Micksgarage.ie is slightly longer established and interestingly, the Shop.org research has found that the US online car parts market is the third-largest type for online shopping.

The same isn’t true on this side of the water – a fact that the Creans are keen to exploit.

“We’re pretty much unique in Ireland. We’ve been in business for three and a half years and I’m quite surprised nobody’s come in behind us,” admits Crean.

Although there are some specialist sites in Ireland catering for car upgrades, Micksgarage is aimed at the general motorist, not the enthusiast.

“The automotive sector is the last bastion of traditional industry. A lot of the shops are generally trade-oriented and not consumer-oriented,” says Crean.

“What we’re offering is the ability for people to shop around, which wasn’t there before.”

As with choosing clothes, in the offline world buying car parts such as wiper blades, brake pads or a roof rack usually involves a trip to a physical shop.

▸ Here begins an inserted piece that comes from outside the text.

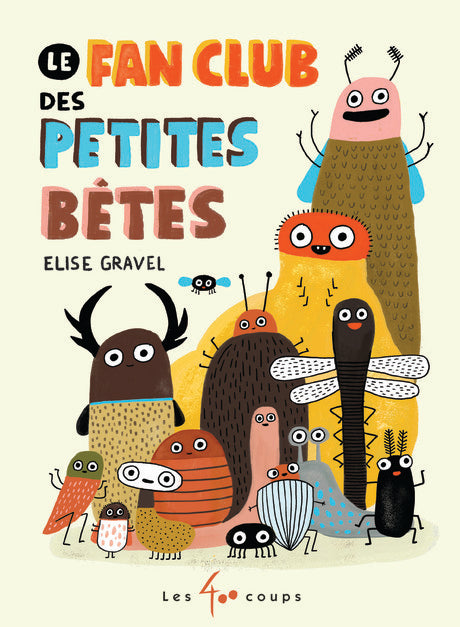 Fan club des petites bêtes, Le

But whereas trying on clothes is a pleasurable experience for some and requires little technical knowledge on the buyer’s part, braving the motor factor can be a daunting prospect for the uninitiated.

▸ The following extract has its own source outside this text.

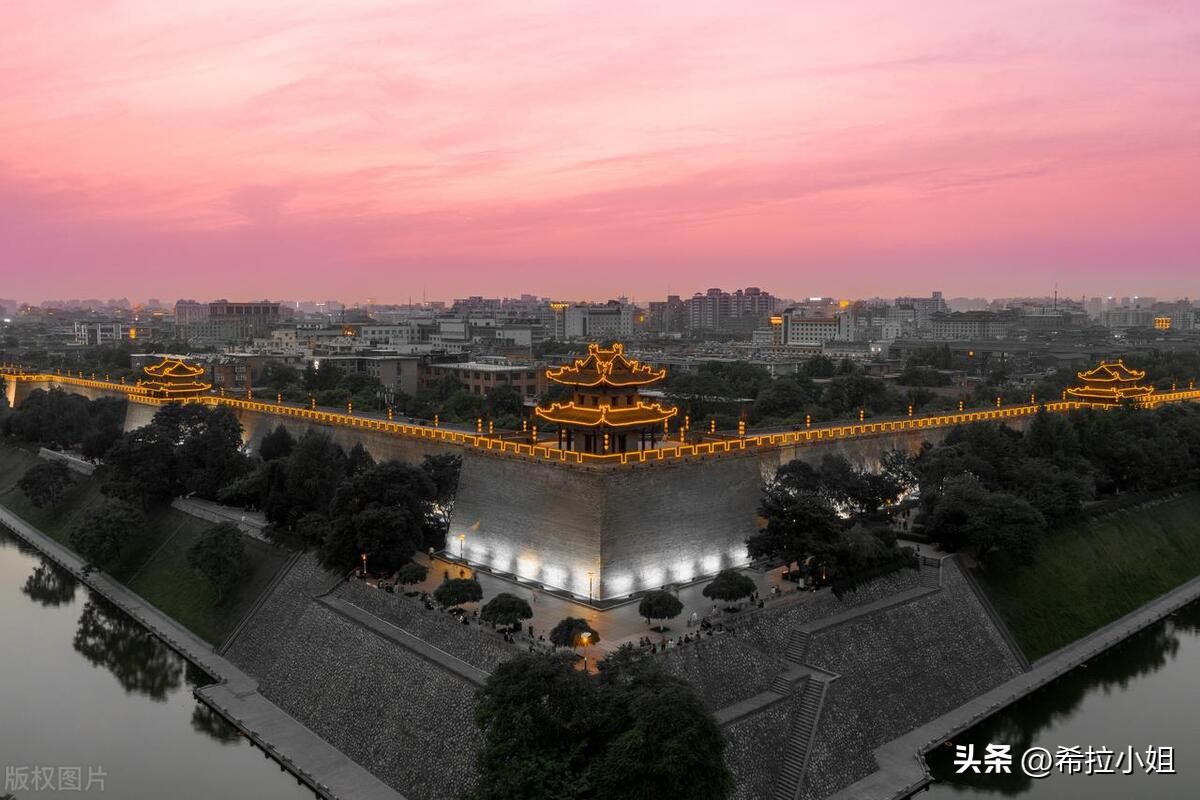 西安旅游西安必去景区推荐,西安旅游攻略西安必去的景点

The site is purposely aimed at taking away that fear factor, with a search facility for locating the right part. There’s even a live chat function on every page.

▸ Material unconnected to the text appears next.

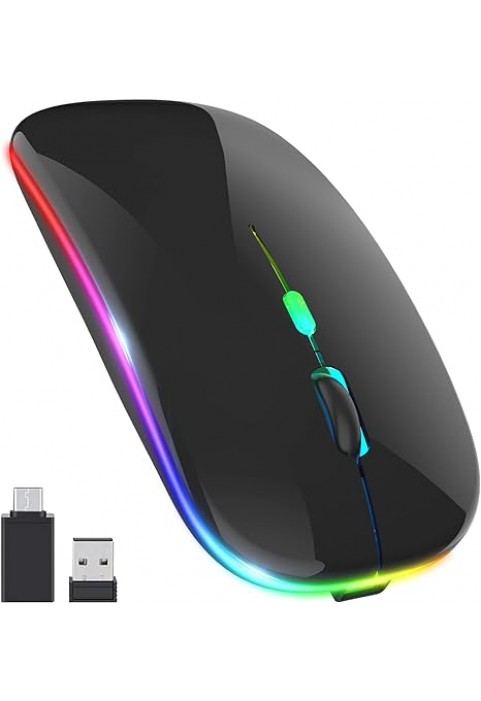 450#T05-101-4-Wireless Bluetooth mouse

Prospective buyers who can’t find what they’re looking for or who just want advice can talk to a customer service person in real time.

“For us, it’s a very good sales conversion tool and a good customer service tool,” says Crean.

As well as growing business in their home market, the Crean brothers are actively scouting out the UK and think they’ve found a niche in which to compete.

“We would bring our model across and seek to replicate it in the UK. It’s in our plan – Q3 2008 or Q1 2009,” he confirms.

Crean has also spotted a difference between Ireland and the UK in terms of online maturity. “The general consumer [in Ireland] does not know you can buy car parts online. The UK consumer expects it.”

The opportunity is potentially huge: there are an estimated one million cars on Irish roads – in the UK, that number jumps to 25 million.

“Most UK businesses that are going online have been from a bricks and mortar background and aren’t coming at it from an e-commerce background,” Crean says. “We would come at it from a different slant.”

Case study: Putting on pink

Caoimhe Culleton shops online for just about everything, but when she set up her own website, www.pinkputters.com, she knew that her customer base might need some assurance about buying from the internet.

The site’s name hints at its very specific clientele: lady golfers. As a long-time golfer herself, Culleton believes there is a gap in the Irish market for supplying clothes and accessories to women and she supplies a range of brands and products to meet buyers’ budgets.

Taking her cue from the Tupperware party concept, she visits people’s houses to show the products to groups of potential customers, who can then order over the internet.

This helps build awareness for the website, which is essential as there is no real-world Pink Putters shop – the business is entirely online. Backing this is a 30-day refund policy for unused or unopened items.

“It’s to get the idea across that the site is there and if you buy clothes through the site that they’re good quality and you can bring them back if they don’t fit or don’t suit you,” Culleton explains.

The site has been running for just two months and sales are already going better than expected. Culleton expects to be profitable before the end of the year.

She’s currently developing an online sales assistant feature to let shoppers ask questions about the product.

“I really want to focus on customer service. It’s really important for people to know that just because it’s on the internet they won’t get short-changed on service,” she says.